Research evidence does not transfer as such – transfer requires active network work

Published
16.4.2026
The views expressed in the blog posts are the writers' own and do not represent the official position of the institution.

Evidence-based practices and policies have become a central guiding principle in health and social care. The idea is appealing: we study what works and implement it everywhere. Science produces the answers, administration implement them, and citizens benefit. Who could oppose such a rational chain?

The problem is not the value of evidence. The problem lies in the worldview on which the model is built.

The linear evidence-based model rests on the assumption that interventions are clearly bounded entities. They can be separated from their environment, tested under controlled conditions, and shown to be effective. Once the effect has been demonstrated, the intervention can be transferred to another context where it is assumed to produce the same result, provided that implementation is done correctly. In this model, the world appears relatively stable: context is a background variable, not an active part of action. Effectiveness is a property of the intervention.

This is a strong claim, as it takes a stance on how reality is understood and what kind of steering is seen as possible.

A relational perspective on the health and social care system

In health and social care, reality is not a collection of separate objects. It is a dense network of people, professional practices, information systems, funding models, spatial arrangements, metrics, legislation, time pressures, and moral expectations that shape one another. An intervention does not enter this world as an external technical solution. It becomes entangled with it, changes it – and is itself changed.

Example: a psychosocial intervention in practice

Take, for example, a psychosocial intervention such as a brief therapeutic treatment model for depression, the effectiveness of which has been demonstrated in randomized trials.

In the research setting, the intervention is precisely delineated: trained therapists, a defined method, a specific number of sessions, and a selected patient group. The result is a statistically significant reduction in symptoms.

When the same model is introduced into a wellbeing services county, however, it does not encounter an empty space. It encounters recruitment difficulties, varying levels of training, busy appointments, information systems that do not support treatment monitoring, funding mechanisms that reward throughput, and clients whose life situations are more complex than in the research setting. The relationship between therapist and client takes shape differently in different places. The “core” of the treatment model does not remain intact but begins to evolve.

If the results are weaker than in the original study, the discussion often turns to implementation: training was insufficient, the method was not followed closely enough, commitment was lacking.

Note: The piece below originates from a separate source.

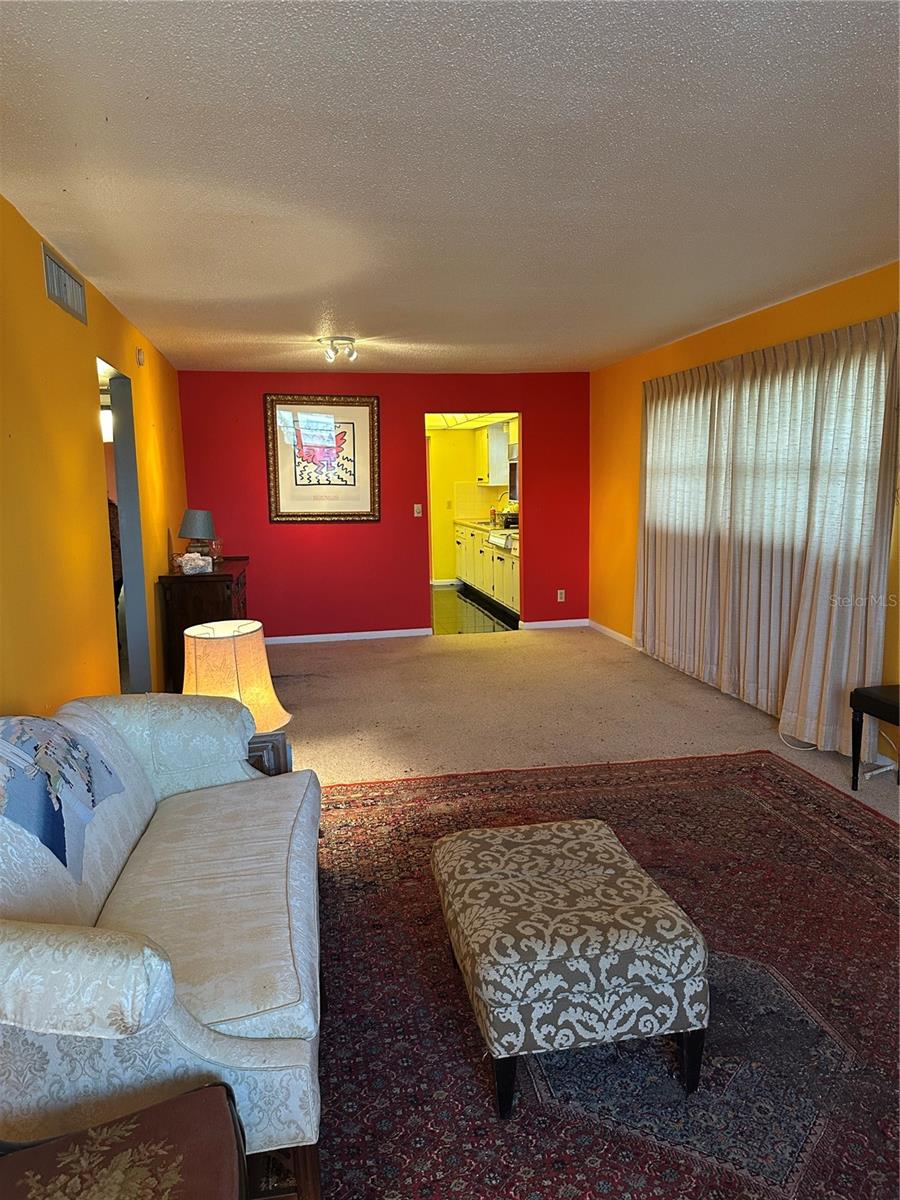 1220 57TH ST N #204C, ST PETERSBURG, FL, 33710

More rarely is it asked whether the very idea of transferable, context-independent effectiveness is sustainable.

Effectiveness is an achievement of a network

From a relational perspective that focuses on relationships between things, effectiveness is not an internal property of an intervention but emerges in relationships. It arises from how the treatment model connects to the local division of labour, how leadership prioritises time, how clients recognise themselves as the target group of the service, and how information systems make work visible or invisible. Effectiveness is an achievement of a network, not a property of a single method.

This has political consequences. The linear evidence-based model promises decision-makers manageability: we invest in this model because research shows it works. Responsibility appears clear and measurable. But if effectiveness is relational, governance is not a technical issue but a continuous negotiation. Scaling up is not copying but reconstruction. Every implementation is a change in the entire network.

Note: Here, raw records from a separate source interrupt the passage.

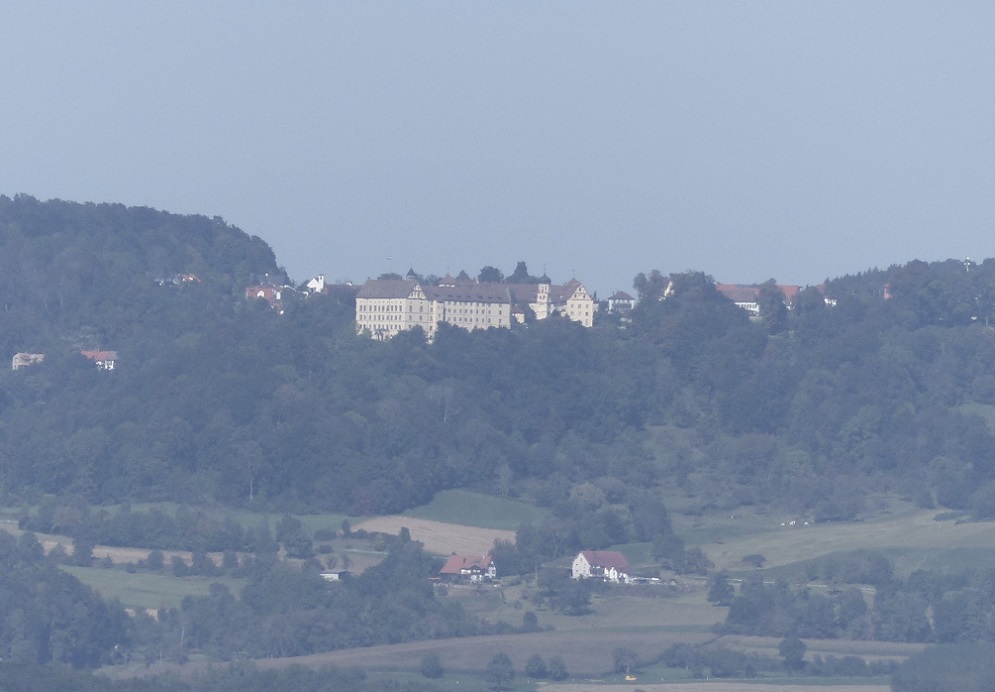 p1750746_heiligenbergmvfu5.jpg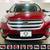2018 Ford Esxape SE AWD😎Htd Seats+New Tires++✅CARFAX++❤️NICE!!🎁LOW$ 11 thumbnail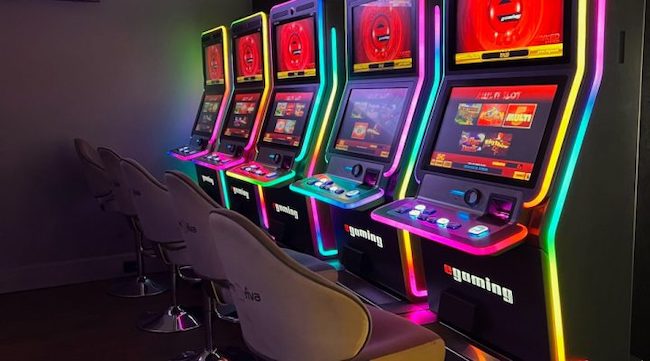 Uno de los más buscados: E-GAMING SPAIN estará en Torremolinos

When policy relies on a linear model, it easily produces the illusion of universal solutions. It overlooks local differences and narrows professionals’ agency to the implementation of standards. At the same time, it shifts risk to the field: if results do not emerge, the fault lies in implementation, not in the model.

What does this mean in practice?

A relational approach does not mean that everything depends on the operating environment (relativism), nor that “nothing is evidence”. It means that evidence is understood as context-dependent and that transferring it requires active network work.

In practice, this means that health and social care operations invest more in local co-development, continuous learning, and the identification of structural barriers. Evaluation does not focus solely on outcomes but also on the kinds of relationships and dependencies that an intervention produces.

Perhaps the most important shift is this: we do not only ask what works, but in what relationships and under what conditions something begins to work. This question is politically less comfortable, because it does not offer quick, universal solutions. But for that very reason, it is a more honest description of the reality of health and social care.

If we want sustainable reforms, we must dare to give up the promise of linear governance. Evidence does not move as such. It takes shape – and we must take shape with it.